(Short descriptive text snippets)
=== Begin Enclosure ===

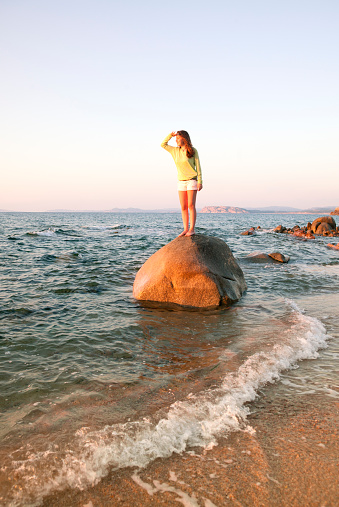 Fifteen years old girl looking ahead from a boulder in the beach. Taken at Sardinia.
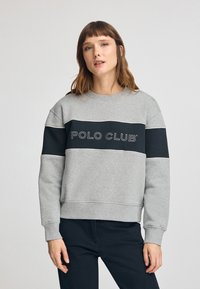 Felpa grigia con una banda orizzontale nera che presenta la scritta "POLO CLUB" in bianco. Tessuto morbido, scollo rotondo e vestibilità comoda.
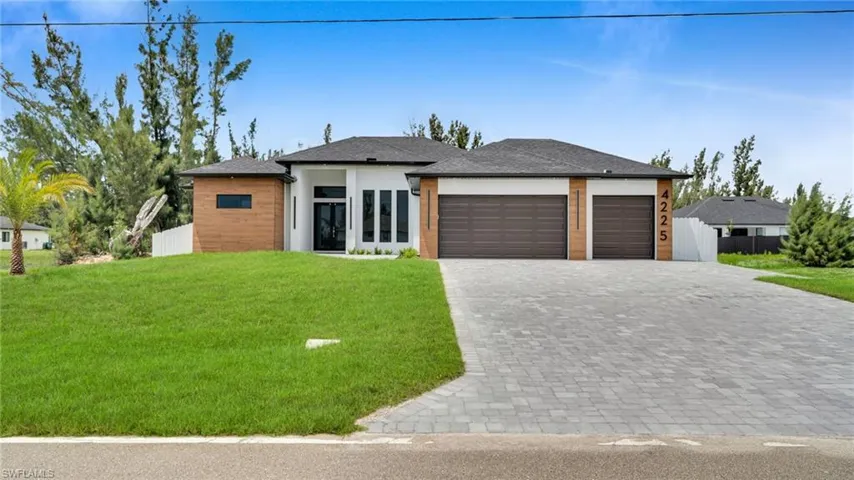 Prairie-style home featuring a garage and decorative driveway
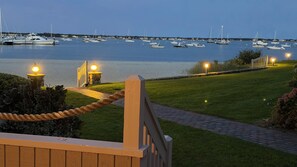 A waterfront property with a grassy lawn, a wooden deck, and a view of boats on the water.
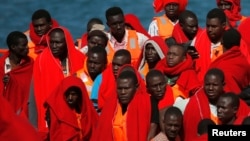 Migrants, part of a group intercepted aboard two dinghies off the coast in the Mediterranean Sea, stand on a rescue boat upon arrival at the port of Malaga, Spain, June 9, 2018.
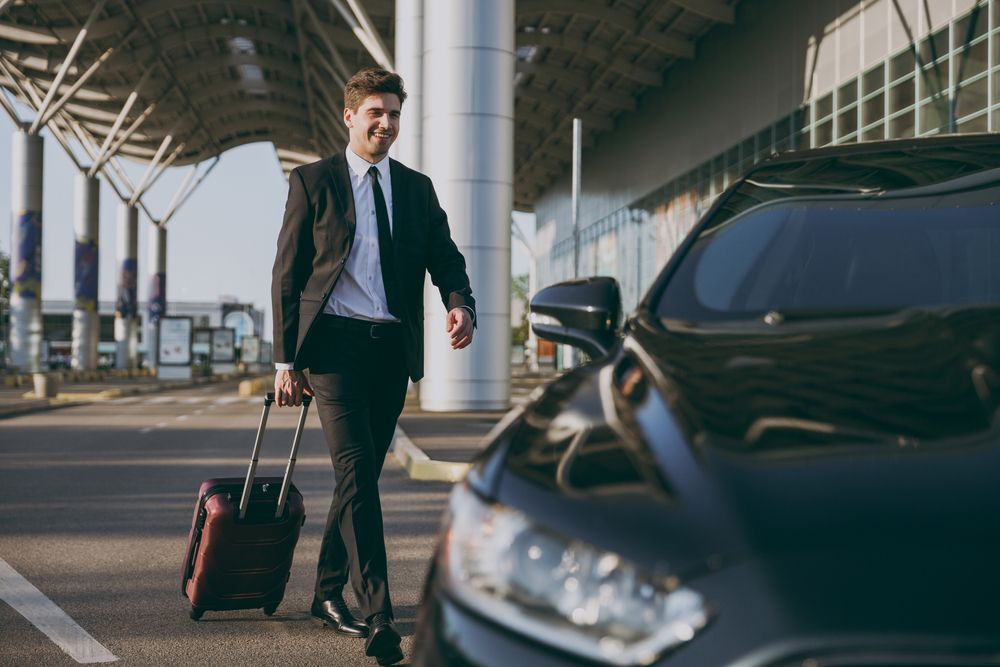 A smiling person in a suit walks toward a black car outside an airport terminal, pulling a small piece of luggage.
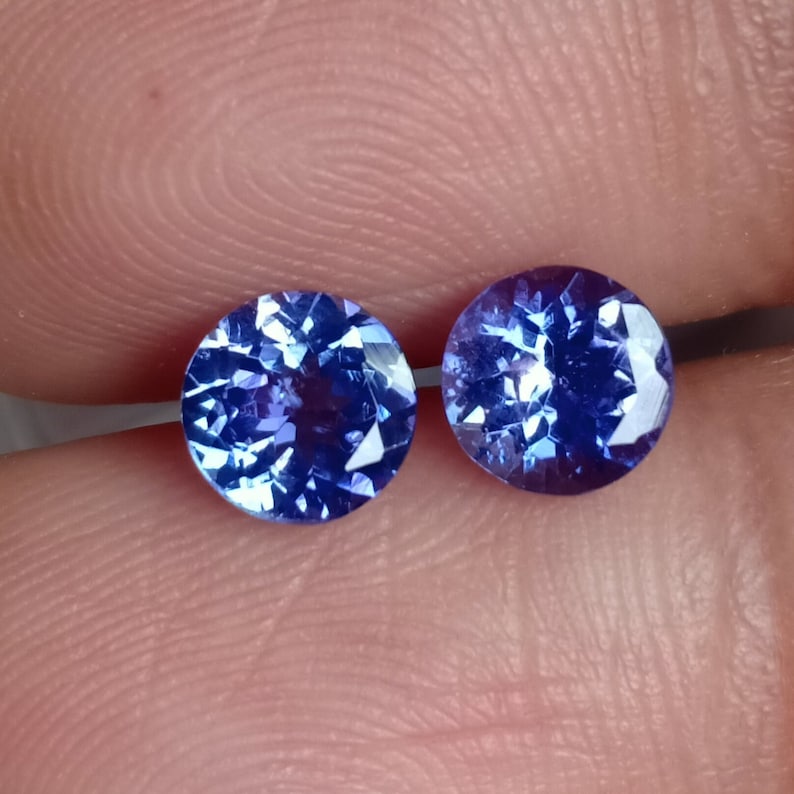 May include: Two round, faceted, blue gemstones. The gemstones are set in a bezel setting and have a high polish.
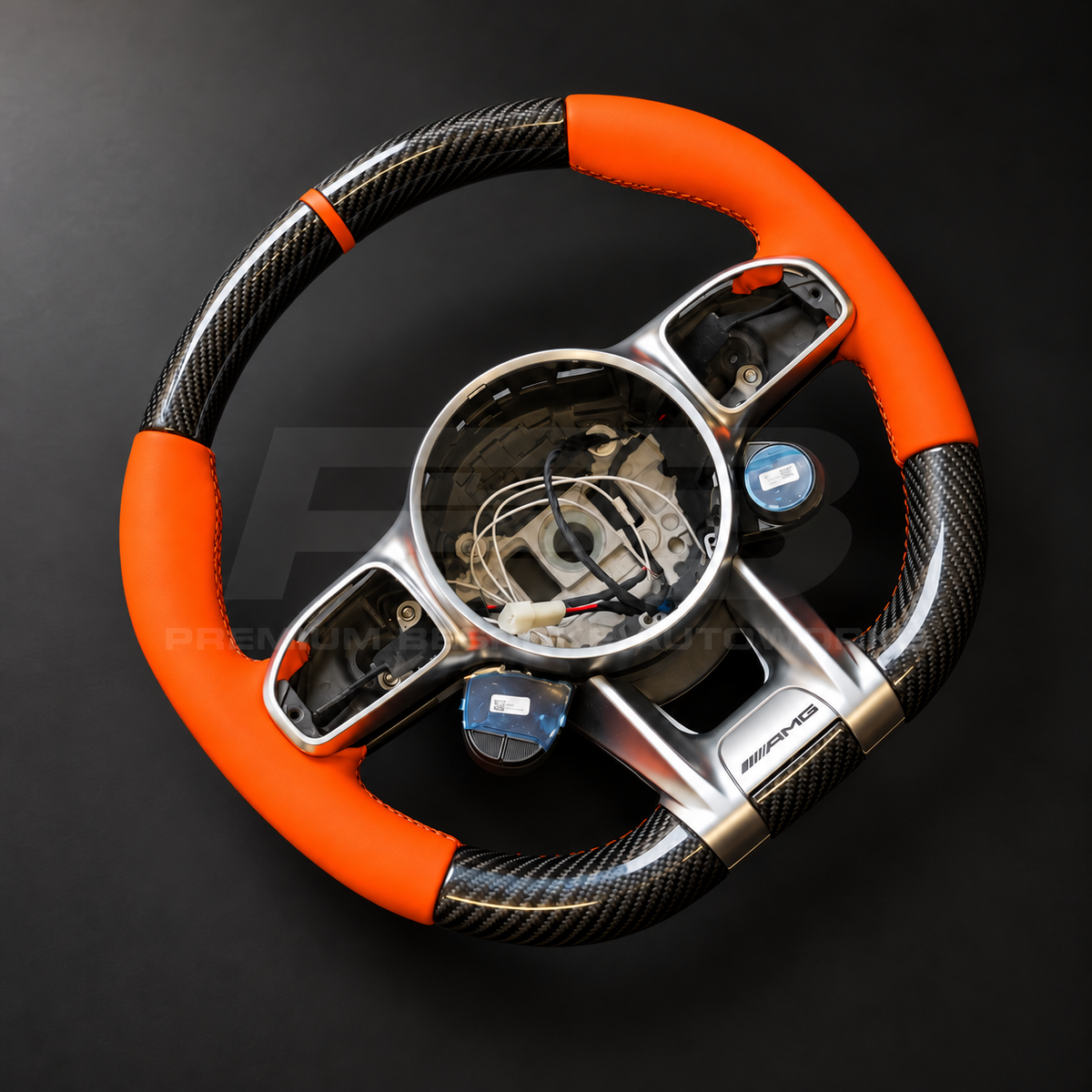Mercedes-AMG G63 W463 Facelift custom steering wheel right angle showing gloss carbon fibre top and bottom, orange leather grips and orange 12 o'clock marker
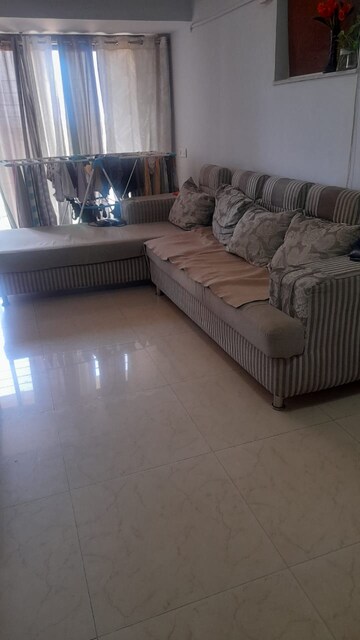 Living Room in 1 BHK Apartment at Palm Spring Centre, Malad West – for Rent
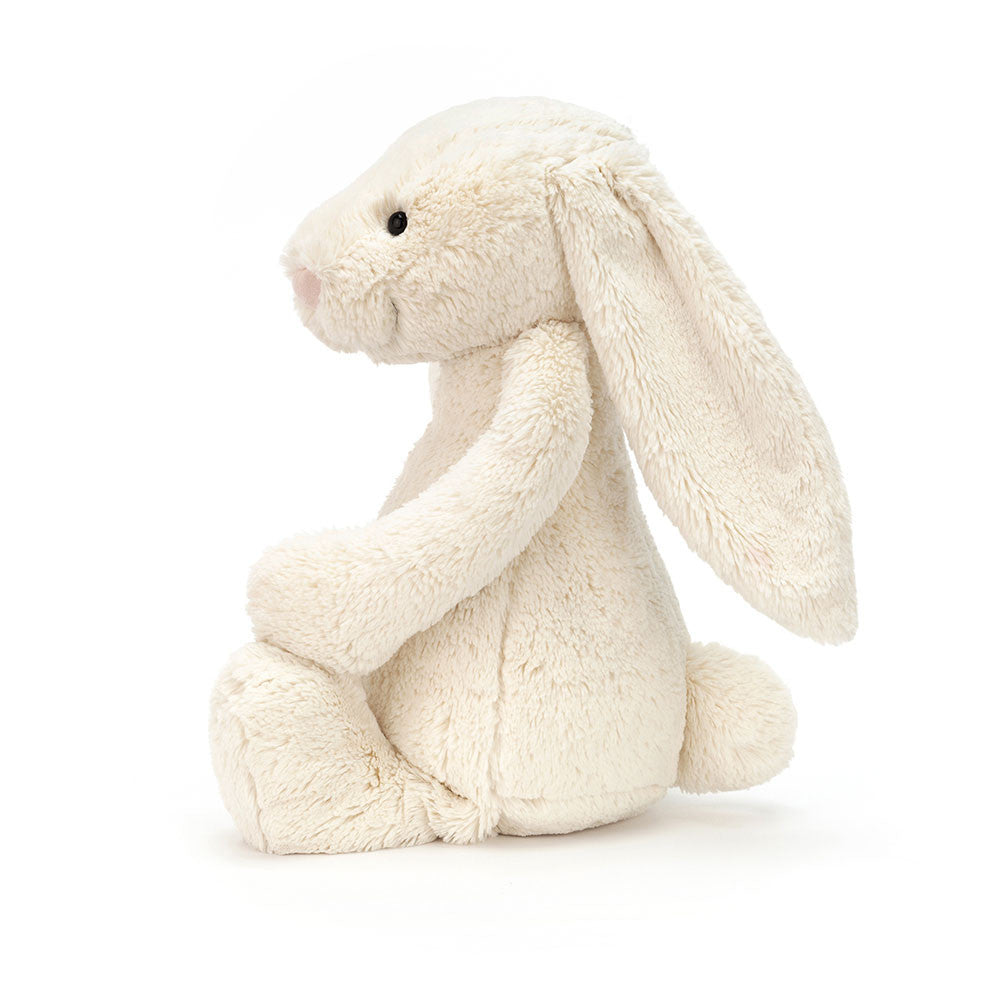 Soft and cuddly plush toy in cream color sitting upright with long floppy ears and a small tail, perfect for kids and collectors, called Bashful Cream Bunny Huge.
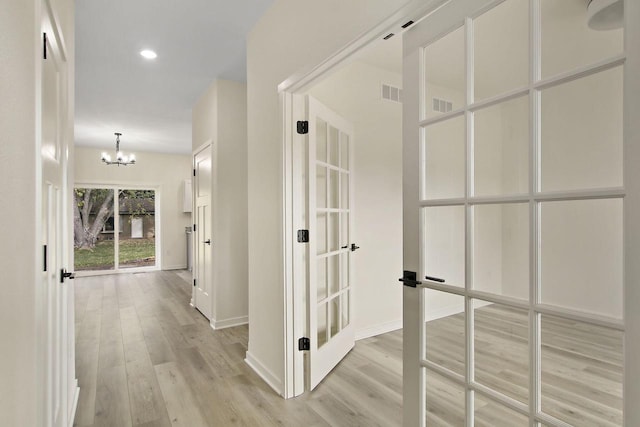 corridor with light hardwood / wood-style floors and an inviting chandelier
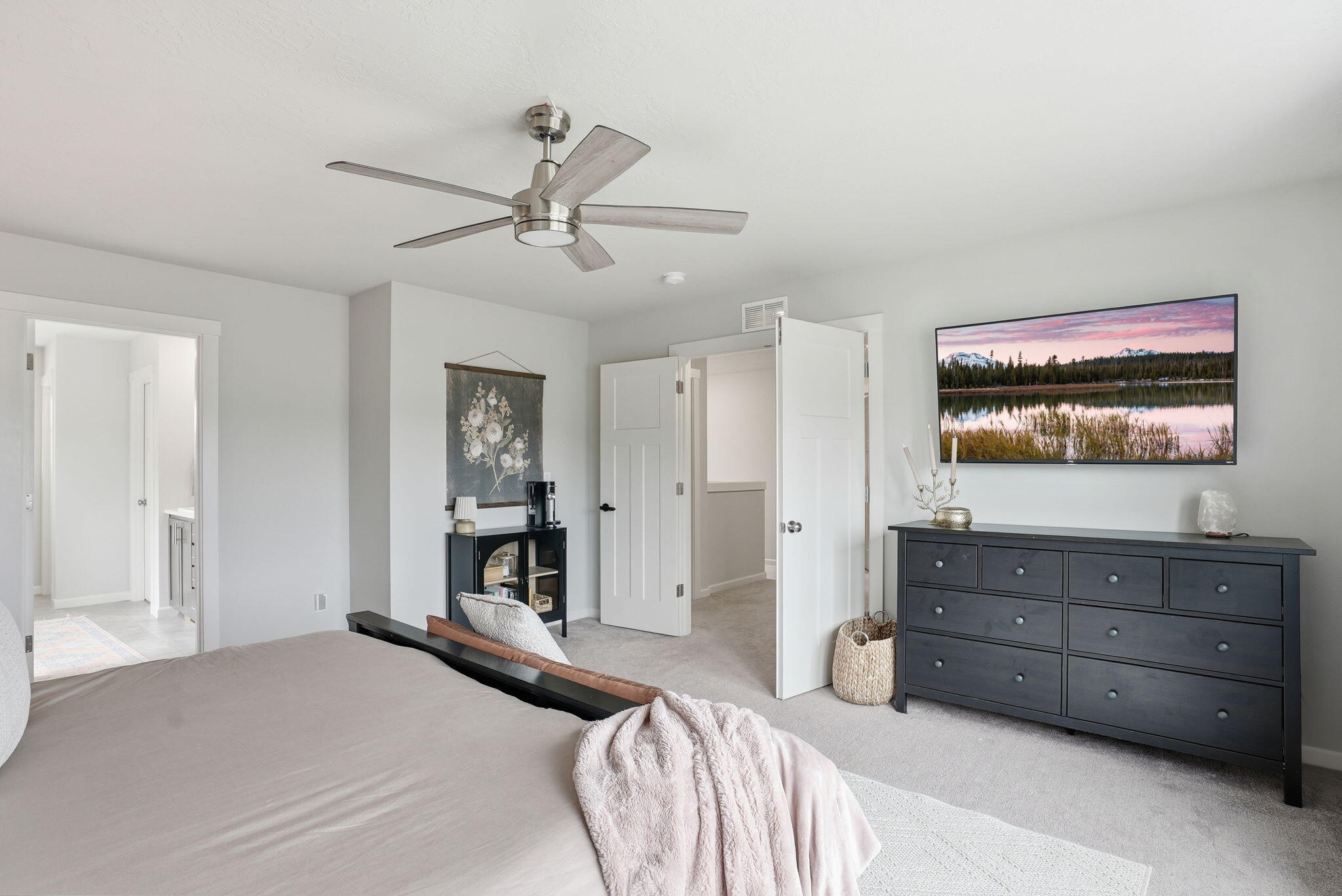 4015 Southwest Quartz Place Redmond, OR 97756 - Photo 16 of 35 a bedroom with a bed and a dresser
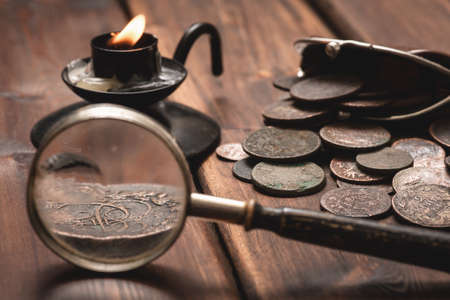 Old ancient coins and magnifying glass on the brown wooden table backgroundの写真素材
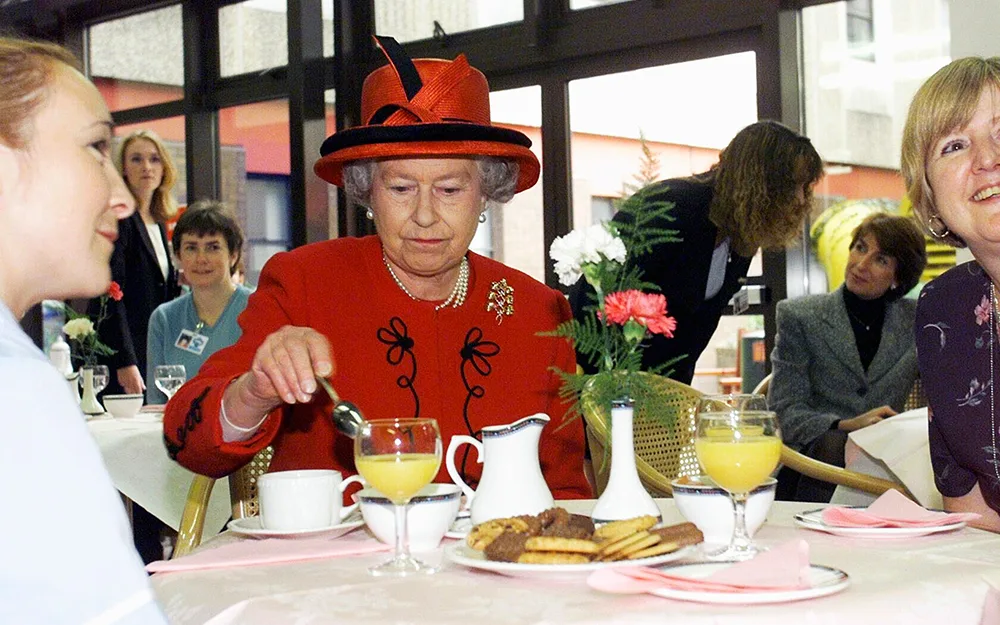 Queen Elizabeth II eating tea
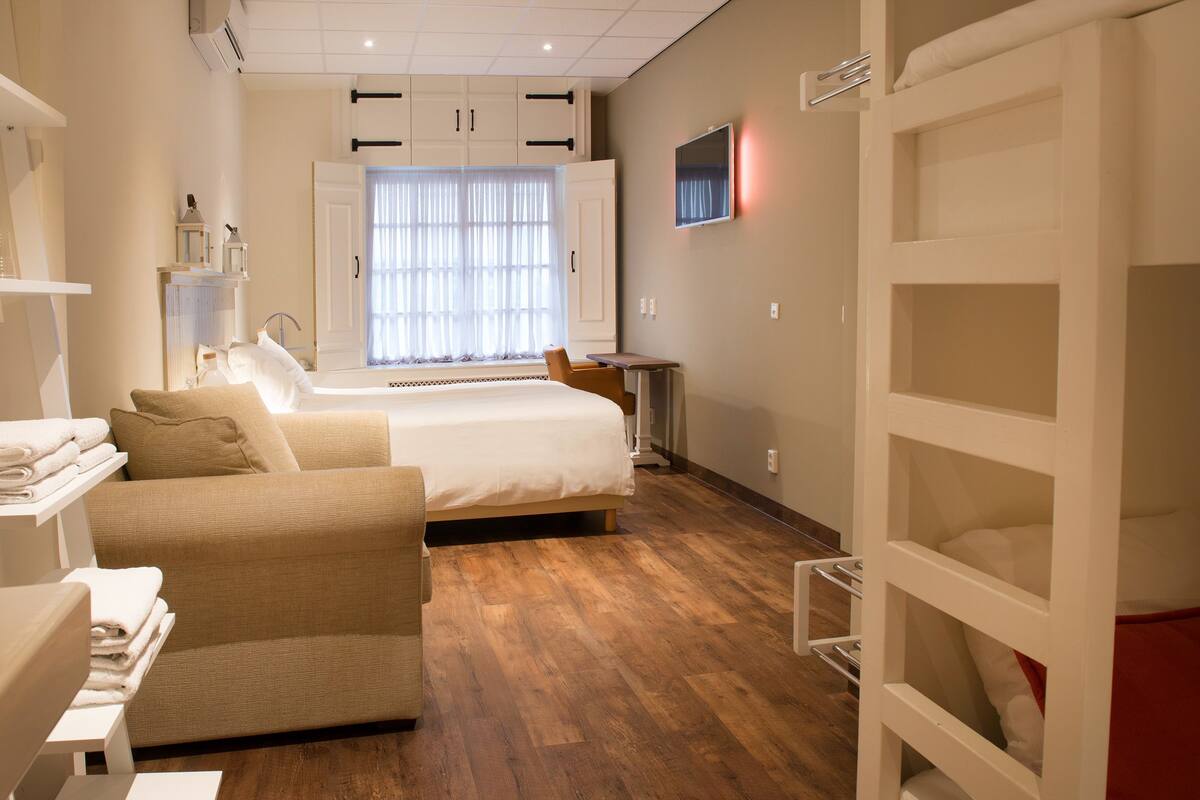 Ein Hotelzimmer mit Bett, einer Couch, einem kleinen Tisch und einem Fernseher an der Wand.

=== End Enclosure ===

ABOUT THIS TASK> At the line containing "May include: Two", begin reproducing the entries word for word, and continue through their last line. Leave out the pictures.

WRITTEN REPLY>
 May include: Two round, faceted, blue gemstones. The gemstones are set in a bezel setting and have a high polish.
Mercedes-AMG G63 W463 Facelift custom steering wheel right angle showing gloss carbon fibre top and bottom, orange leather grips and orange 12 o'clock marker
 Living Room in 1 BHK Apartment at Palm Spring Centre, Malad West – for Rent
 Soft and cuddly plush toy in cream color sitting upright with long floppy ears and a small tail, perfect for kids and collectors, called Bashful Cream Bunny Huge.
 corridor with light hardwood / wood-style floors and an inviting chandelier
 4015 Southwest Quartz Place Redmond, OR 97756 - Photo 16 of 35 a bedroom with a bed and a dresser
 Old ancient coins and magnifying glass on the brown wooden table backgroundの写真素材
 Queen Elizabeth II eating tea
 Ein Hotelzimmer mit Bett, einer Couch, einem kleinen Tisch und einem Fernseher an der Wand.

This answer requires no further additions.